Yes, probably I should correct this, if it's not getting lost in different typo lists

As a kind of a justification, though, I should say that at least back when I was writing this, my expectation was that the reader would really think along, also working through the math and not simply taking the formulas for granted (otherwise I simply could have written down the final solution instead of all this text), in which case it should be clear that the fraction is a part of the cosine argument, since this formula is a solution of the equation directly above

And, as a remark, if the fraction was outside of a cosine, I probably would have expected a dot in between, the missing dot immediately raising the question of where the fraction actually belongs

Ivan_C
KVRian
1065 posts since 11 Aug, 2004 from Breuillet, France
Yes I meant the arguments should all be inside the parenthesis, whatever the i and N offsets because of the notation

mystran
KVRAF
4981 posts since 12 Feb, 2006 from Helsinki, Finland
Somewhat related (or not), one can design pretty good Hilbert-transformers by starting from an elliptic two-phase half-band filter, converting that into a Hilbert-transformer and then using frequency warping to move the lower cutoff-edge to some suitable low frequency at the cost of wider high-frequency transition. Beyond improving the response in general (after all, the low-frequency response is usually much more important than the high-frequency response), this makes it straight-forward to maintain the low-frequency response for varying sampling rates (eg. you can just recalculate the warping coefficient and everything else can stay the same).

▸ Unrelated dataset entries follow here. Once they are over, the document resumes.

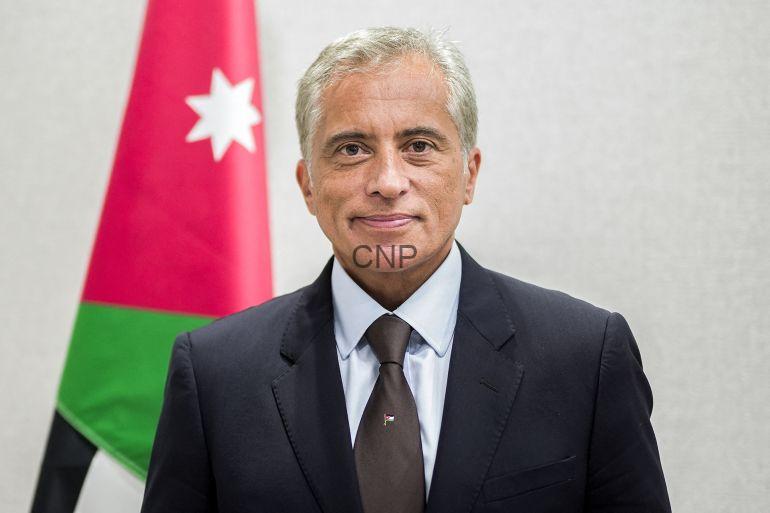 Jaafar-Hassan2-1726579446 - Center News Network Formal portrait of a man in a dark suit and brown tie, with a Jordan flag in the background.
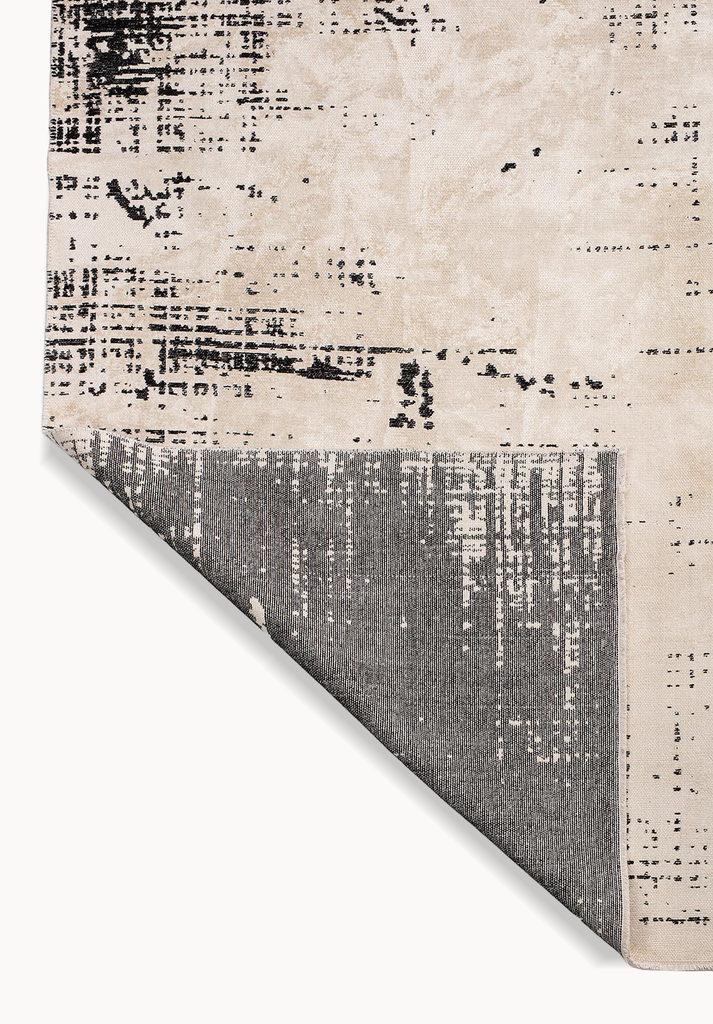 Detail view of a flat-woven rug corner with beige patterned surface and gray backing.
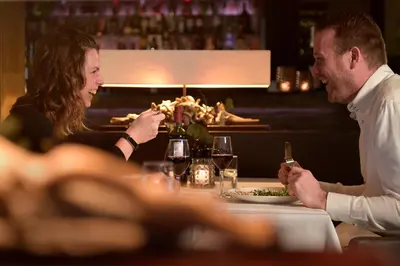 a man and woman sitting at a table with a plate of food at Van der Valk Hotel de Bilt-Utrecht in De Bilt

This paper probably gives the most straight-forward treatment of the whole thing: https://www.cct.lsu.edu/~eberdahl/Paper ... hnique.pdf
If you'd like Signaldust to return, please ask Katinka Tuisku to resign.

Z1202
KVRian
958 posts since 12 Apr, 2002
mystran wrote:Somewhat related (or not), one can design pretty good Hilbert-transformers by starting from an elliptic two-phase half-band filter, converting that into a Hilbert-transformer and then using frequency warping to move the lower cutoff-edge to some suitable low frequency at the cost of wider high-frequency transition. Beyond improving the response in general (after all, the low-frequency response is usually much more important than the high-frequency response), this makes it straight-forward to maintain the low-frequency response for varying sampling rates (eg. you can just recalculate the warping coefficient and everything else can stay the same).

This paper probably gives the most straight-forward treatment of the whole thing: https://www.cct.lsu.edu/~eberdahl/Paper ... hnique.pdf
I strongly suspect that this technique might be a discrete-time equivalent of the analytic technique I described later in my book (or rather vice versa, the one described in the book is an equivalent of this one, since the book was written later ), possibly both being related via bilinear transform (which then does the job of the "arctangent scale" used in the book). It's somewhat surprising the discrete-time technique seems to be restricted to the odd orders though.

1eqinfinity
KVRist
201 posts since 29 Apr, 2012
Hello again, everyone
Am I right that it's ok to build pure (not multimode) HP ladder using lowpasses, but taking (in - lp) as the filters' outputs?
The underlying filters are then processed as lowpasses, but the Gn and Sn for the whole ladder are derived from yn = xn - (g(x - yn) + sn).